### Exercise objective
Retype each line below precisely and omit all images.
####
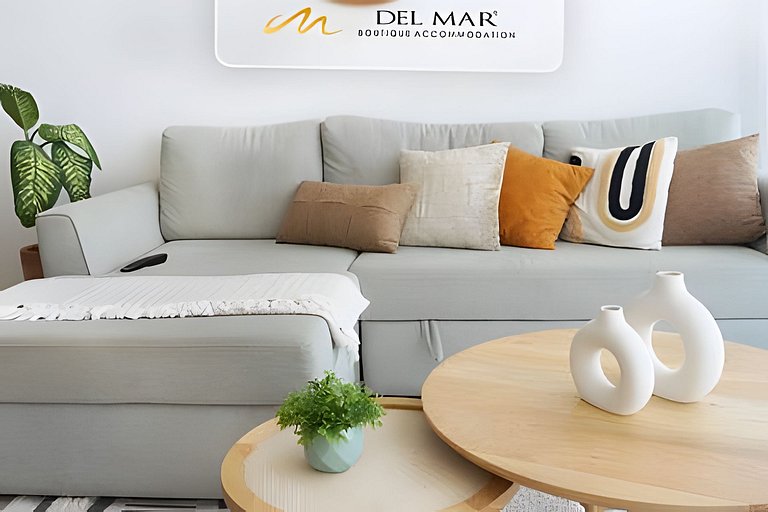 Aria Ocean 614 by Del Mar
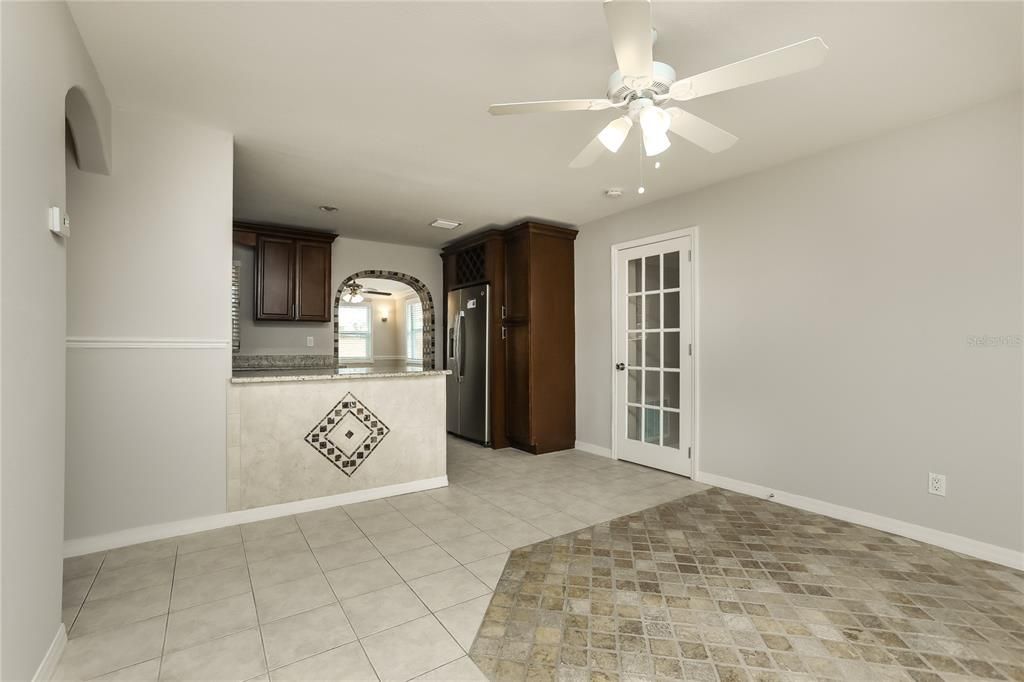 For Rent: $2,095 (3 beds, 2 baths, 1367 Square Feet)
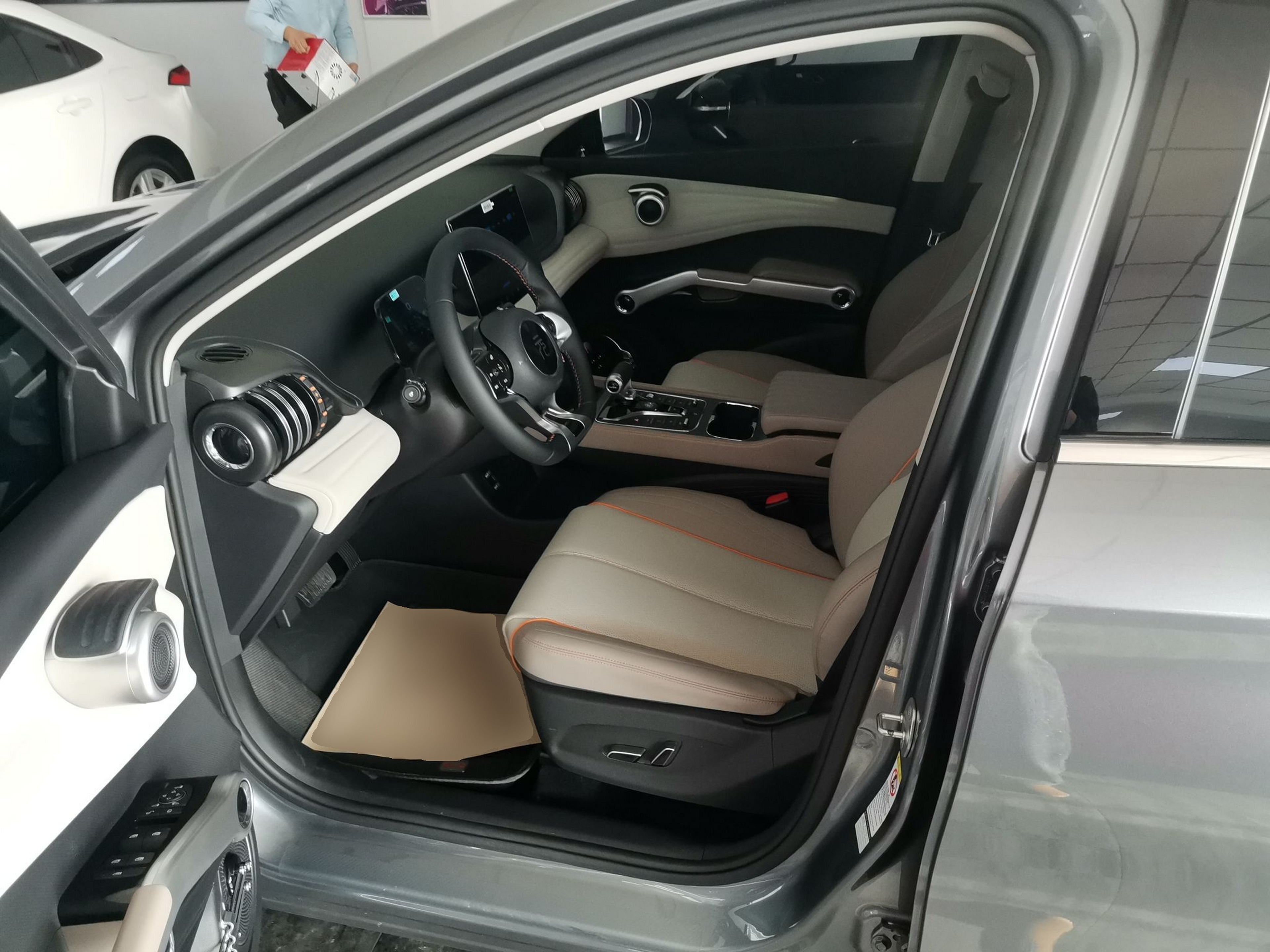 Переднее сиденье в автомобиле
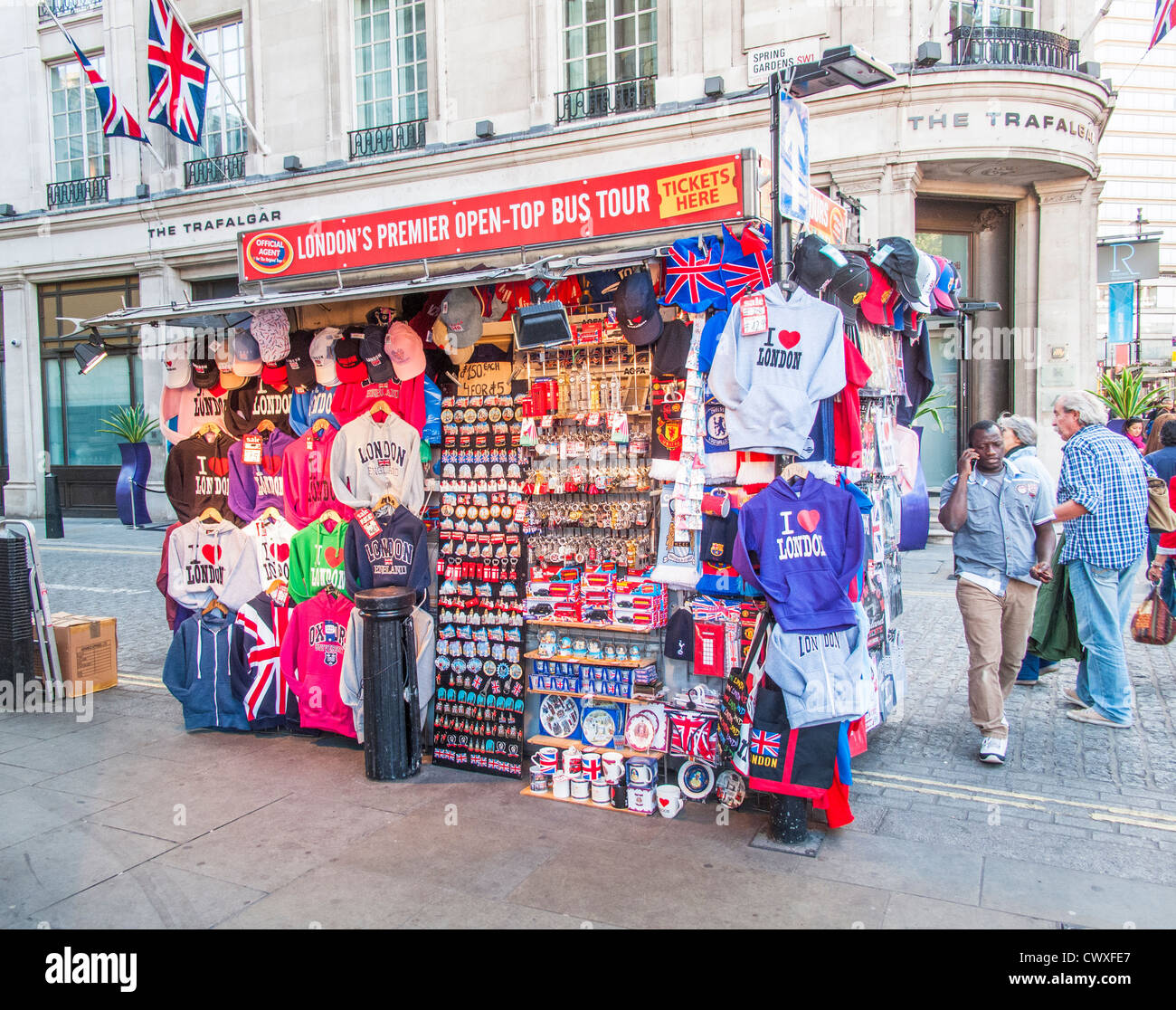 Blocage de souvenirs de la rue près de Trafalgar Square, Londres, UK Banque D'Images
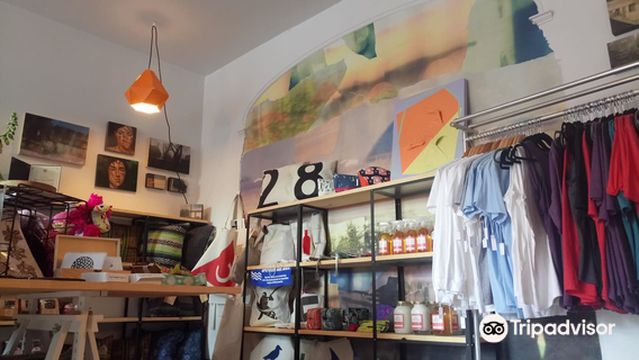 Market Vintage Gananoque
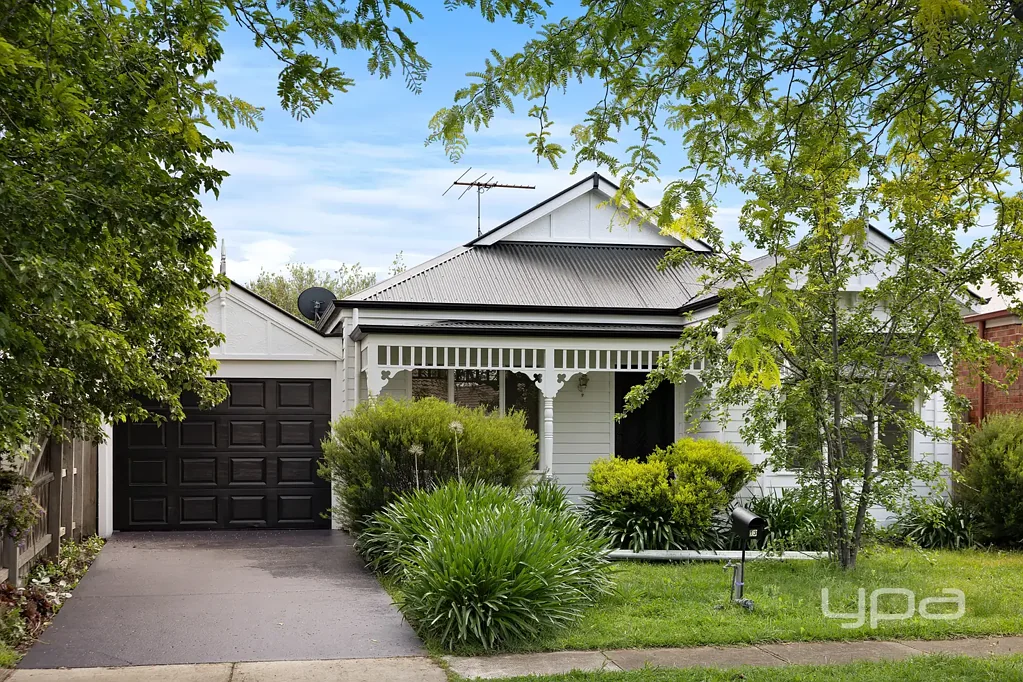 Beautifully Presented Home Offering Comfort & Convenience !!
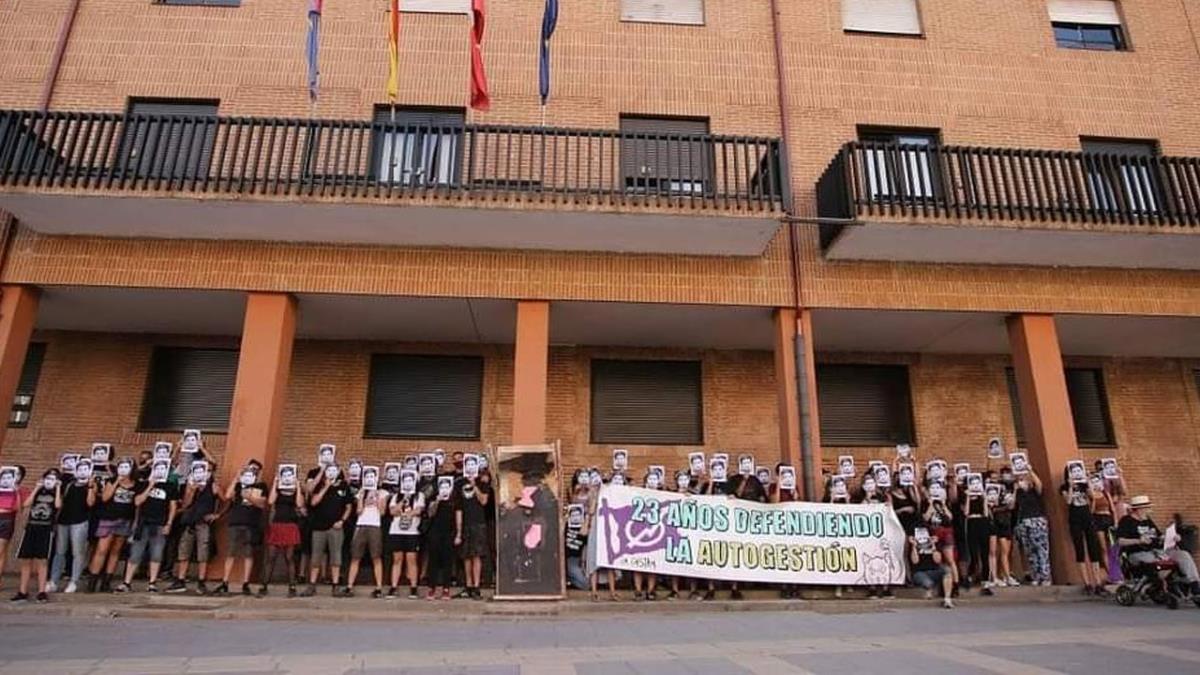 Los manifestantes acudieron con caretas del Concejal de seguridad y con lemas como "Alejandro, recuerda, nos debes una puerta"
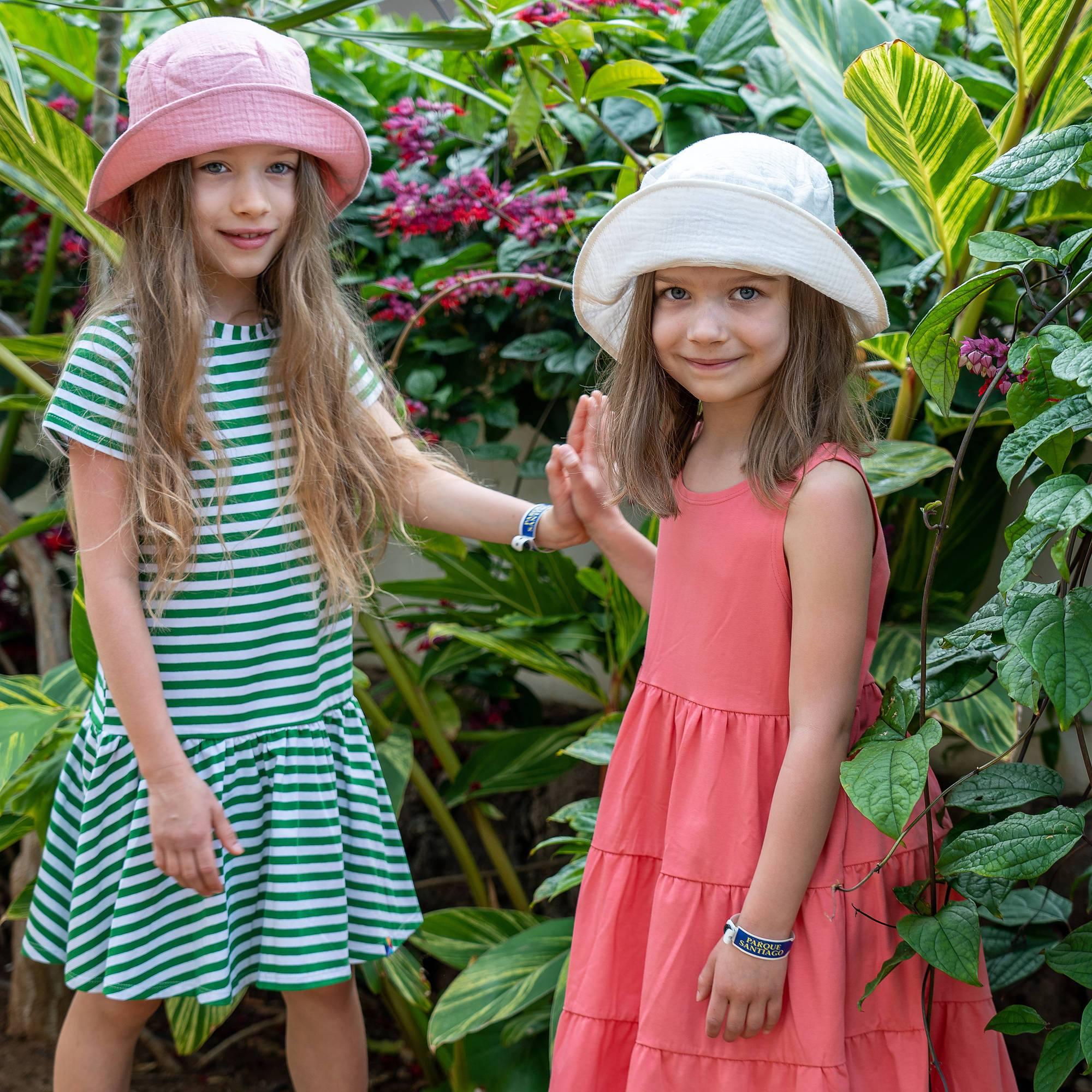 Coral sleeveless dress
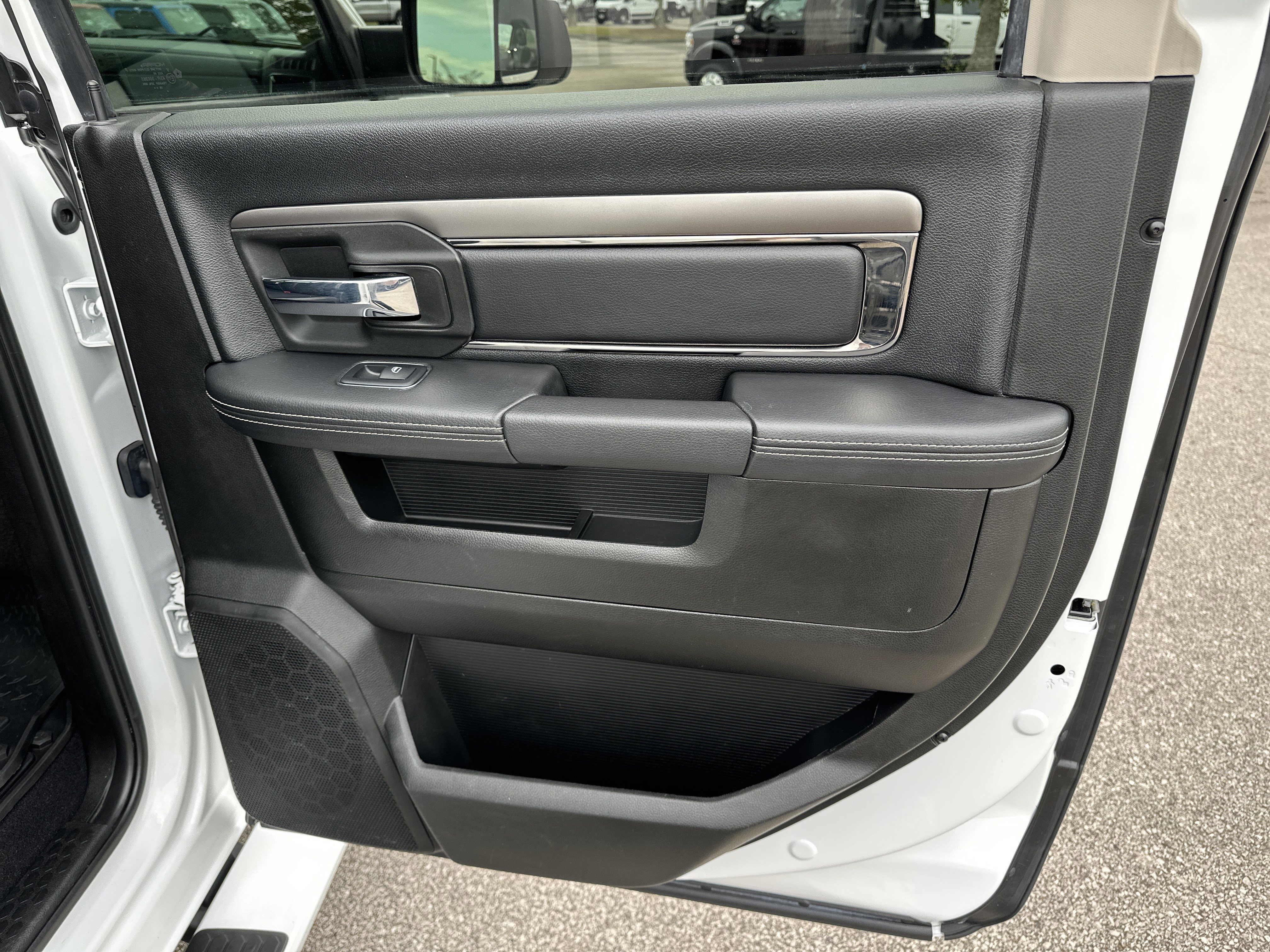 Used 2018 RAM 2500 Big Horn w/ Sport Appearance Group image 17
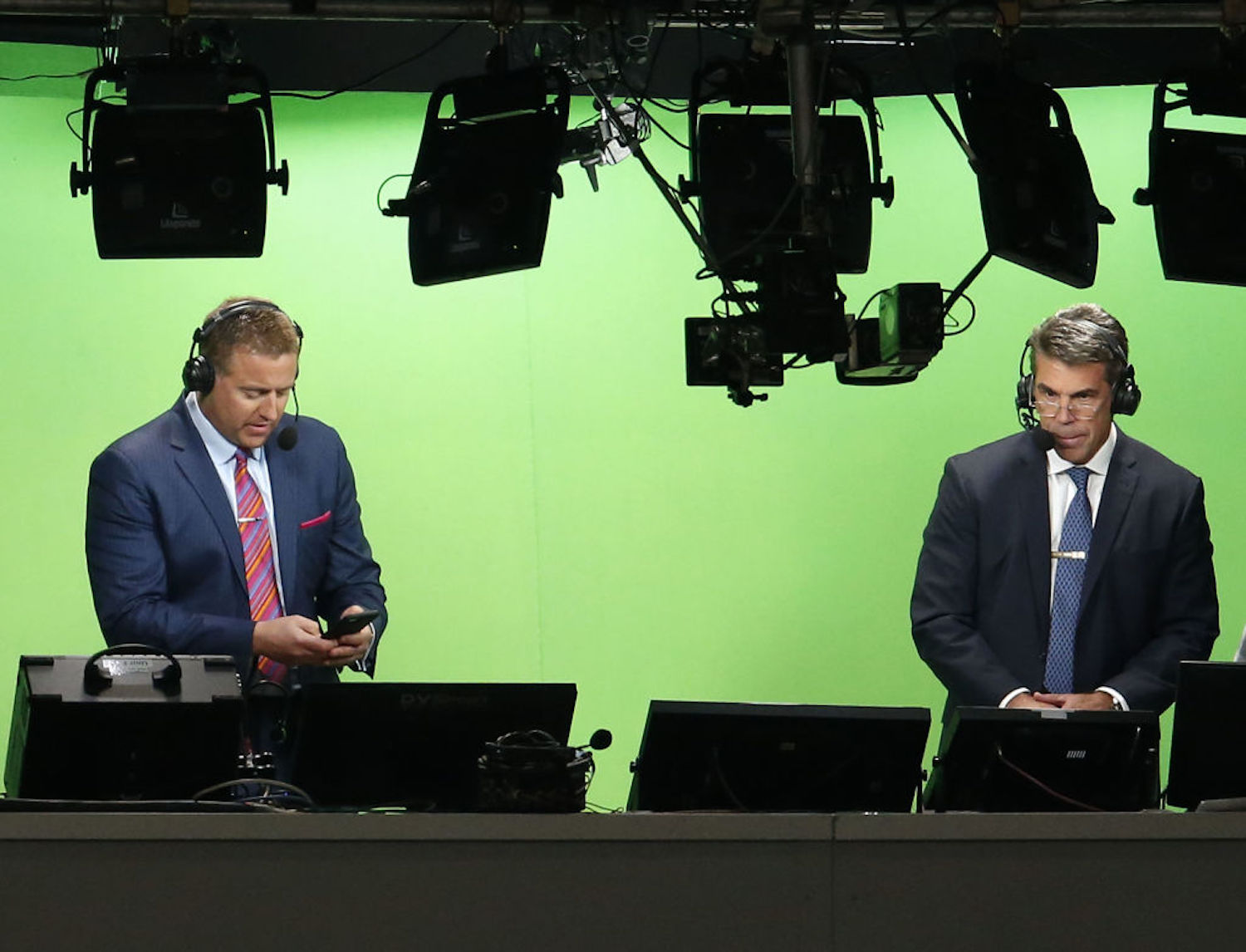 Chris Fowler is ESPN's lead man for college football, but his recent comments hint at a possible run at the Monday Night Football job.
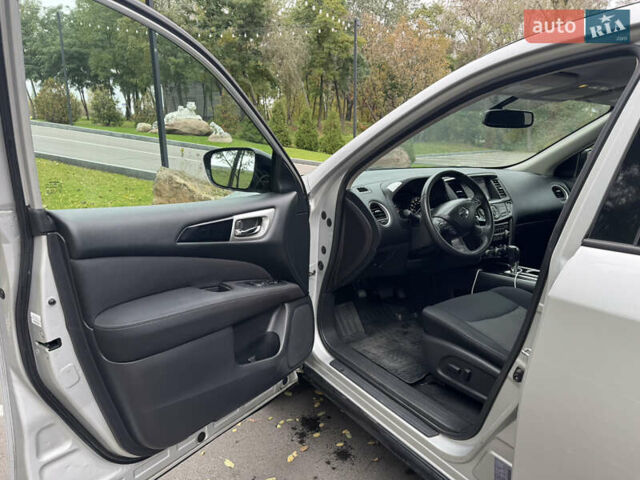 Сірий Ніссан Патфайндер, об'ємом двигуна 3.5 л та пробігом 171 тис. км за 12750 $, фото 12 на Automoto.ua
####
### Task solution
 Aria Ocean 614 by Del Mar
 For Rent: $2,095 (3 beds, 2 baths, 1367 Square Feet)
 Переднее сиденье в автомобиле
 Blocage de souvenirs de la rue près de Trafalgar Square, Londres, UK Banque D'Images
 Market Vintage Gananoque
 Beautifully Presented Home Offering Comfort & Convenience !!
 Los manifestantes acudieron con caretas del Concejal de seguridad y con lemas como "Alejandro, recuerda, nos debes una puerta"
 Coral sleeveless dress
 Used 2018 RAM 2500 Big Horn w/ Sport Appearance Group image 17
 Chris Fowler is ESPN's lead man for college football, but his recent comments hint at a possible run at the Monday Night Football job.
 Сірий Ніссан Патфайндер, об'ємом двигуна 3.5 л та пробігом 171 тис. км за 12750 $, фото 12 на Automoto.ua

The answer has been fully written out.